The ambiguity of governments

So far the governments of European countries have held an ambiguous attitude. UK Foreign Minister Liz Truss even encouraged her citizens to go, drawing criticism from the Conservative Party. The Belgian foreign ministry, on the other hand, has advised its citizens against going to Ukraine.

The Italian authorities have not yet officially pronounced themselves on the issue. On a legal level, the situation is complex: fighting abroad is not a crime, it becomes so only if you fight for a terrorist organization.

The decree that introduced this new criminal offense was approved in February 2015 after the terrorist attack on the headquarters of the satirical weekly Charlie Hebdo, and is tailored to jihadist terrorism.

advertising

In this case, however, the parallelism with the phenomenon of global jihadism is not convincing. “In Ukraine there are, neither on one side nor on the other, organizations that are programmatically engaged in terrorist activities on an international scale,” says the researcher.

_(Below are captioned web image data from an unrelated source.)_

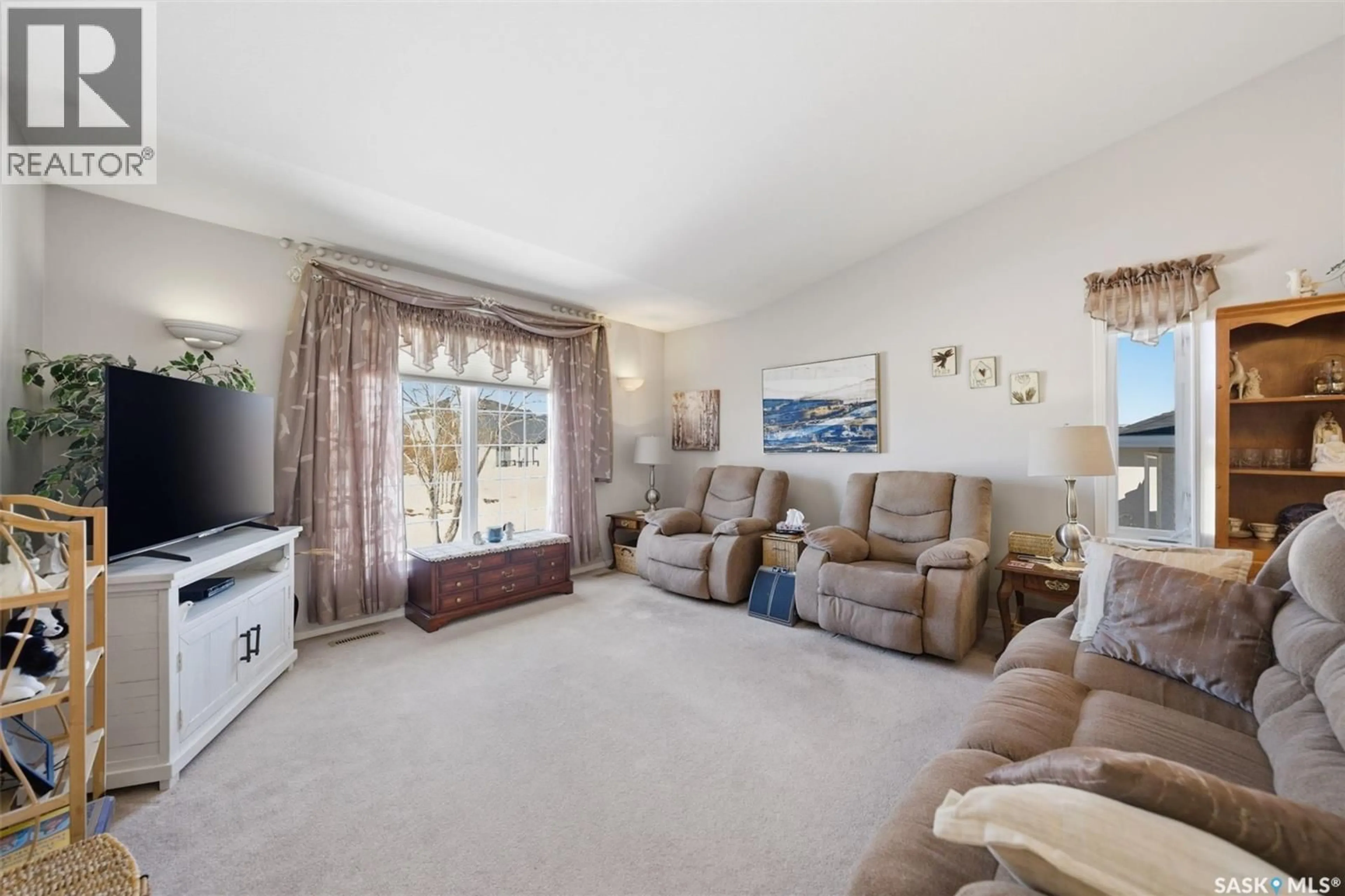 Living room with furniture, unknown for 707 BAYVIEW CLOSE, Saskatoon Saskatchewan S7V1B7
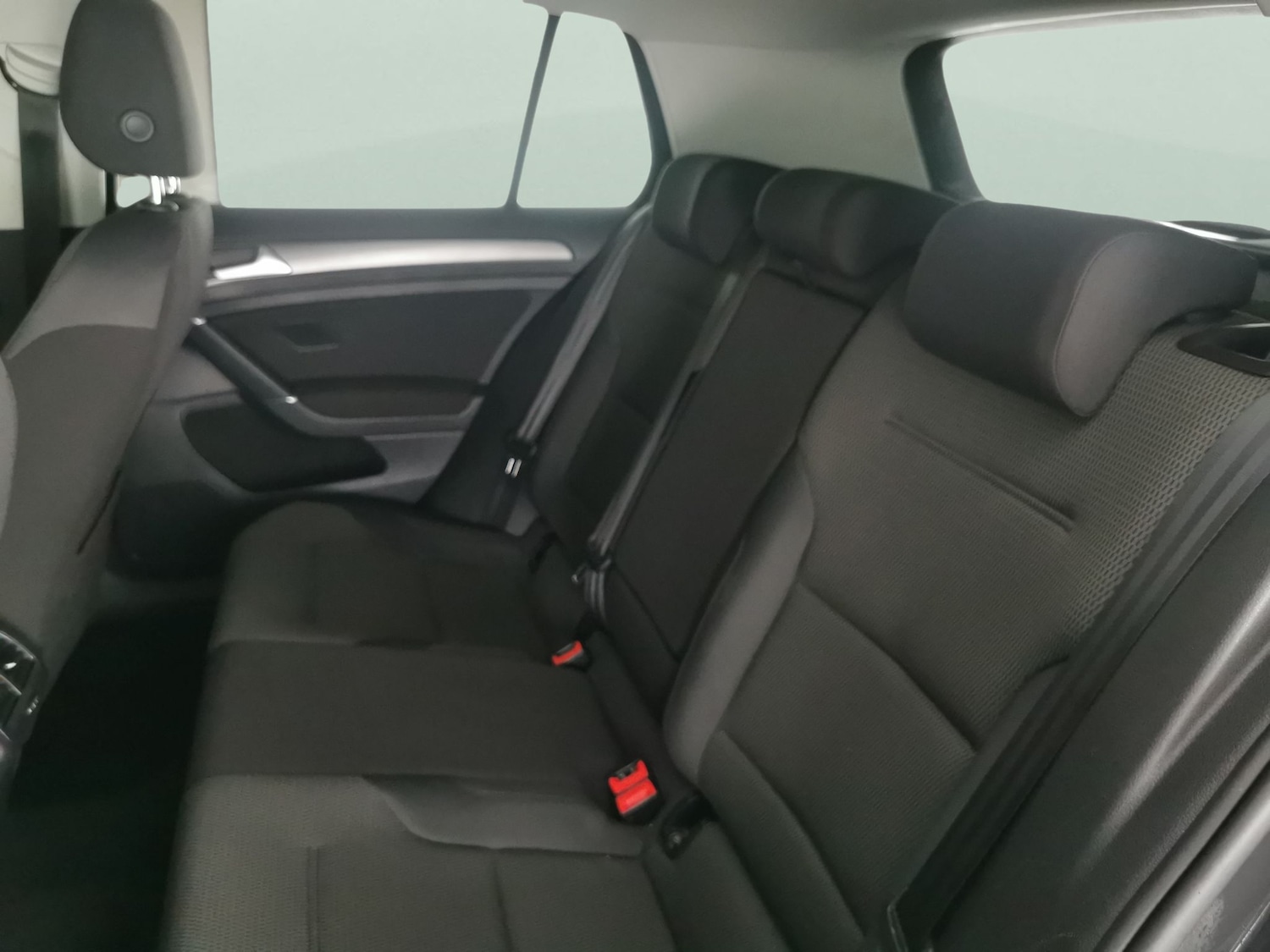 Used Volkswagen Golf 2018 for sale - 76428498: Photo 29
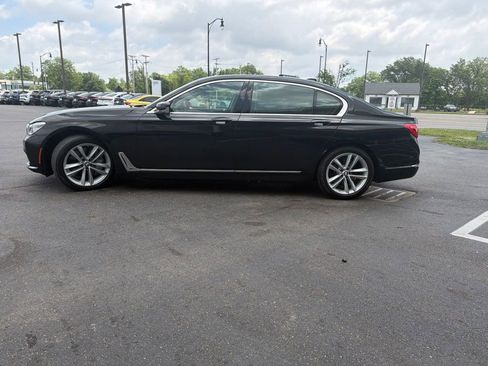 Used 2019 BMW 750i xDrive w/ Autobahn Package AWD/4WD image 5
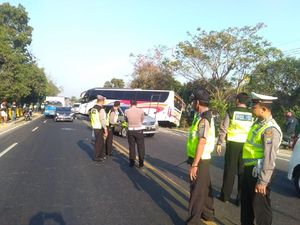Berangkat Sekolah, Seorang Siswi SMP di Madiun Tewas Tertabrak Bus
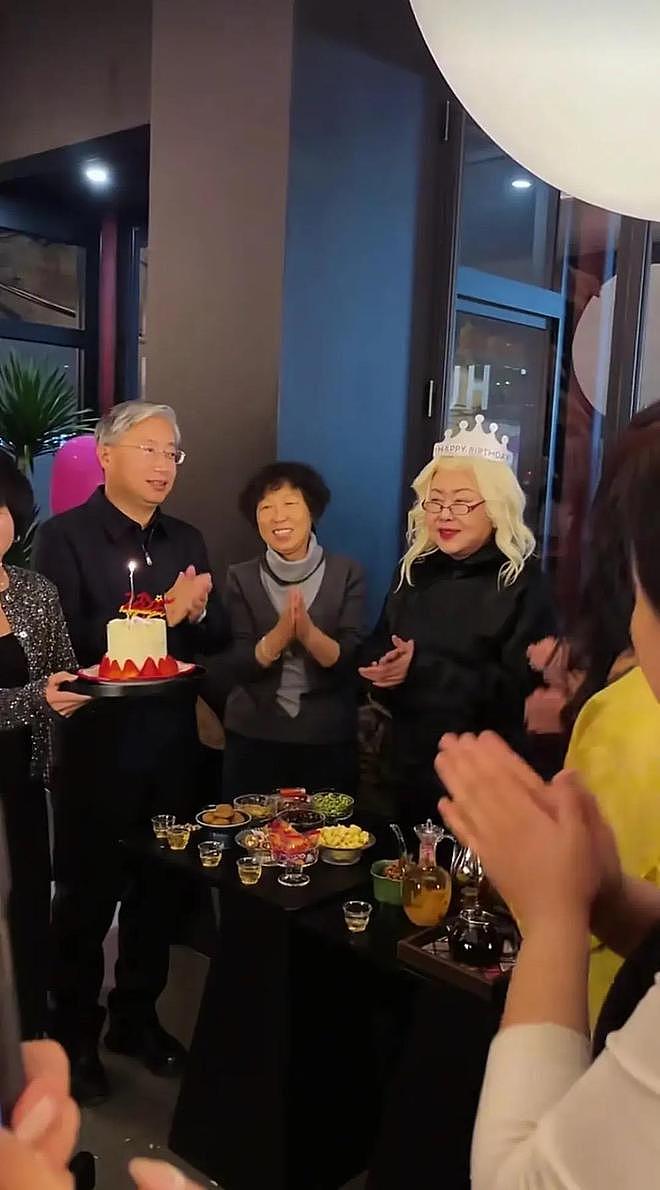 76岁斯琴高娃剧组庆生，红唇白发超时髦年轻40岁，走路不稳被搀扶（组图） - 3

“And groups like Azov, although they can be part of a transnational far-right vision, have little to do with the global agenda of the Islamic State group”.

But actually, alongside people who care about the Ukrainian cause, extremists could also mobilize. “The reasons why they had already gone there, including the presence of far-right battalions, have not disappeared,” explains Marone.

This article was published on March 5, 2022 on page 7 of number 17 of the Essential. You can subscribe here.

You may also like

Leave a Comment

This site uses Akismet to reduce spam. Learn how your comment data is processed.